Taiwan backs Chiang Kai-shek’s great grandson in push for peace with Beijing
Defeated in 1949 in its civil war against China’s pro-Communist forces, the Nationalist KMT, or Kuo Min-tang, party has had a victory. But it had to wait till last Sunday’s Taiwan mayoral elections, where it won 13 of Taiwan’s 23 district electorates.
Remarkably, the winner in the key election for the Taiwan capital, Taipei, was none other than Chiang Wan-an, the great grandson of Chiang Kai-shek, the defeated KMT leader in 1949. Even more remarkably, Chiang Kai-shek’s KMT today is seen as the peace party in the continuing conflict with the China from which it was forced to flee in 1949.
I once had a minor role in this saga. In June 1961, as a Foreign Affairs adviser and together with John Gorton, then education minister in Canberra, we sat with Chiang Kai-shek on a Taiwan cliff watching KMT parachute troops being dropped into the ocean below us and made to swim ashore with heavy packs strapped to their backs.
This, Chiang told us triumphantly, is how we will recover the Mainland.
Today the KMT has a very different role. Like its rival the Democratic Progressive Party or DPP it supports the separation of Taiwan from Mainland China. But it seeks on every occasion to play down the belligerence of the DPP and its leader Tsai Ing-wen in policies to Beijing.
Tsai and the DPP have welcomed the upgrading of US military support for Taiwan in the wake of the Ukraine crisis. The pundits predicted that Beijing’s angry response to these US moves would alienate Taiwan’s voters.
But it is now clear that pundits are wrong. Many Taiwanese are not happy with the position taken by the DPP, for several reasons.
In the first place and as part of the Nationalist initial policy of recovering the mainland this generation of Taiwanese have been educated to see themselves as Chinese. You will hear better Mandarin in the streets of Taipei than you will hear in Beijing.

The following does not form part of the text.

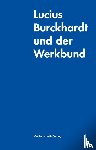 Burckhardt, Lucius - Lucius Burckhardt und der Werkbund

Beijing’s claims that Chinese should never attack Chinese gets a response.
Business and other ties with Mainland China are strong. One estimate has two million Taiwanese now living, working and studying in China.
For its part Beijing goes out of its way to welcome these people, with fast-track entry at sea and airports.
Visitors from Mainland China were a strong support for Taiwan’s tourist industry before they were cut off after the DPP embarked on present policies.
Coinciding with these factors the DPP has also lost support for its policies in handling the Covid problem, a slowdown in the economy and a rise in crime.
We have yet to see how the US and Japanese planners will adjust to this setback in their hopes that a belligerent Taiwan would assist in their various plans to counter or weaken China. But few will have missed the irony of the man who one vowed defeat of China having a grandson now playing a leading role in the party which seeks better relations with China.